* **DATASET EXCERPT**
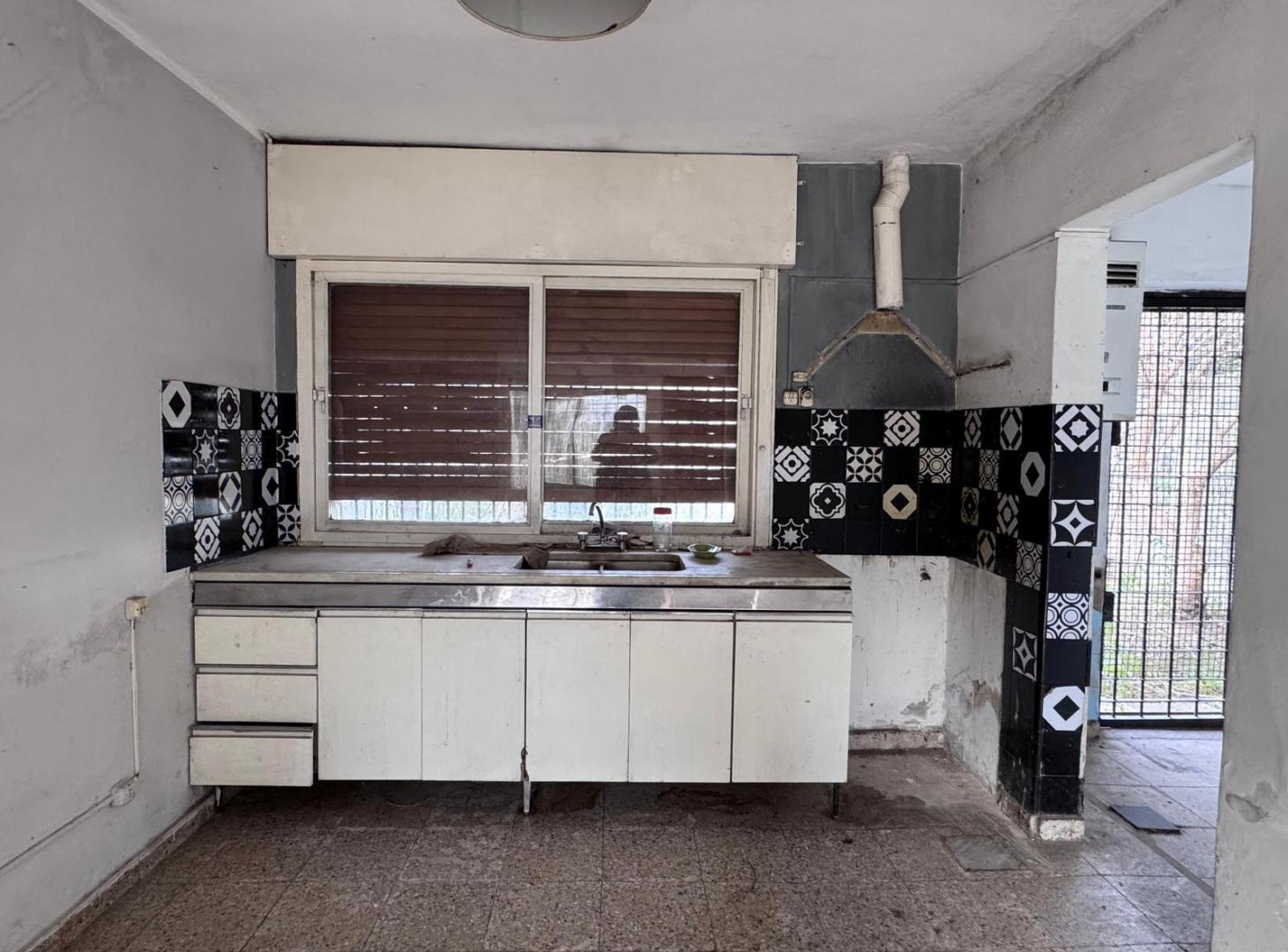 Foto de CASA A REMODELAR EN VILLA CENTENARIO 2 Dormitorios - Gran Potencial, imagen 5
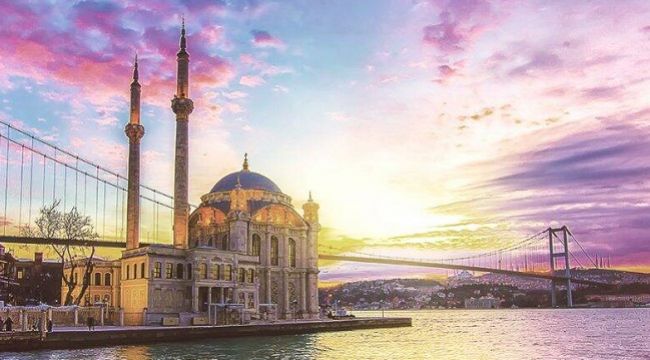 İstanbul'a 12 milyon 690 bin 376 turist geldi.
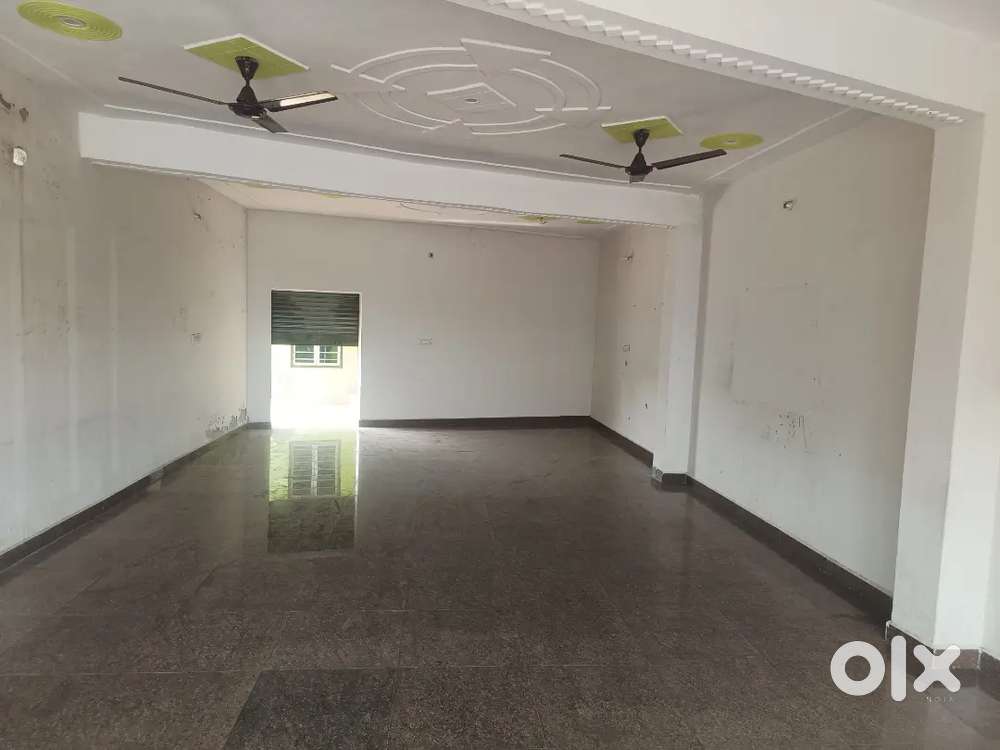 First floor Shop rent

* **TASK BRIEF**
Make an exact reproduction of the listing above, without any pictures.

* **OUTPUT FOR THIS EXERCISE**
 Foto de CASA A REMODELAR EN VILLA CENTENARIO 2 Dormitorios - Gran Potencial, imagen 5
 İstanbul'a 12 milyon 690 bin 376 turist geldi.
 First floor Shop rent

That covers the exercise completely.